Page 1 of 1

Exon location

Posted: Wed Apr 09, 2014 6:56 pm
by drevie
One gene that students are annotating either has a non-canonical splice site or it is missing one nucleotide near the end of an exon or the beginning of another exon. Between the third and fourth exons the reading frame is off if they use the predicted splice sites. I know there are some errors in the D. biarmipes assembly, so is it possible that it is due to a sequencing error? If so, how can we check the assembly?

Re: Exon location

Posted: Thu Apr 10, 2014 12:40 am
by wleung
Both proposed hypothesis are possible but I could not ascertain which hypothesis is more likely without examining the region in the genome browser and gather more evidence.

In general, non-canonical GC donor sites are found in ~1% of Drosophila genes. Consequently, we will annotate a GC donor site if the GC donor is also found in D. melanogaster or if the splice junction is supported by RNA-Seq data (i.e. TopHat junctions). In order to justify a non-canonical splice donor site that is not present in D. melanogaster, it should be supported by RNA-Seq data and is found in another Drosophila species that is more closely related to D. biarmipes. In some cases, you can use the "Conservation" track (set display mode to full) to see if the non-canonical splice donor site is conserved in the other Drosophila species.

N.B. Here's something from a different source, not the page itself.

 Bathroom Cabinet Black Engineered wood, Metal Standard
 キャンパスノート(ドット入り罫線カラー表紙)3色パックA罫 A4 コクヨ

Most of the errors in the D. biarmipes consensus sequence are found within mononucleotide runs because of the known weaknesses of the 454 sequencers. If the region is covered by RNA-Seq reads, you can compare the aligned RNA-Seq reads (available through the D. biarmipes RNA-Seq track) with the consensus to identify potential consensus error. The Sequence Updater User Guide contains an example that illustrates how you can use the RNA-Seq reads to identify and document a consensus error.

Alternatively, please let us know the project and the region you are working on and we can examine the assembly in Consed to verify the consensus sequence.

Re: Exon location

Posted: Thu Apr 10, 2014 10:27 pm
by drevie
The D. biarmipes contig is 56. The 3rd exon on the contig of the Toy gene is likely from 12089-12330. Near the end of it are 6 A's. The next exon is probably 17545-17721. However, this causes a reading frame problem. The students found a solution by using an alternative splice site, but the solution doesn't look likely to me.

Re: Exon location

Posted: Thu Apr 10, 2014 11:22 pm
by wleung
The discrepancy is likely caused by a non-canonical GC splice donor site at the end of CDS 3_1762_0

According to the Gene Record Finder, both the CDS 3_1762_0 and 5_1762_2 have a non-canonical GC donor site in D. melanogaster. Consequently, if this CDS is conserved in D. biarmipes, we would look for a GC donor site at the end of CDS 3_1762_0 rather than a GT donor site.
toy_GC_donor_Gene_Record.png (38.03 KiB) Viewed 6449 times
As you have mentioned, blastx alignment of CDS 3_1762_0 against contig56 shows that the CDS is in frame +2 and the alignment spans from 12089-12325. The blastx alignment of CDS 4_1762_2 against contig56 is in frame +3 and spans from 17547-17720. Both alignments cover the entire length of the CDS in D. melanogaster so we would expect to find the splice sites near the ends of the alignments.
blastx_toy_CDS.png (79 KiB) Viewed 6449 times
Examination of the region near the beginning of the blastx alignment to CDS 4_1762_2 shows that the best supported splice acceptor site is at 17543-17544 and the acceptor is in phase 2. This means that the donor site for CDS 3_1762_0 must be in phase 1.

Examination of the region near the end of the blastx alignment to CDS 3_1762_0 shows a phase 1 GC donor site (relative to frame +2) that is supported by RNA-Seq coverage and Cufflinks transcripts. As you have mentioned, the only GT (12331-12332) before the first in-frame stop codon in frame +2 is in phase 2 and it is incompatible with the phase 2 acceptor we have identified previously. To further support the hypothesis of the non-canonical splice donor site, you can examine the "Conservation" track to determine if this non-canonical splice donor site is conserved in other Drosophila species. The Conservation track shows that the GC donor site is conserved in at least 7 different Drosophila species.
toy_GC_donor_site_evidence.png (61.43 KiB) Viewed 6449 times
Collectively, the evidence indicate that CDS 3_1762_0 has a non-canonical donor site GC at 12327-12328.

Re: Exon location

Posted: Sat Apr 12, 2014 12:58 pm
by drevie
Thanks for the help-I didn't realize there was a track that listed the splice sites for several other Drosophila (conservation).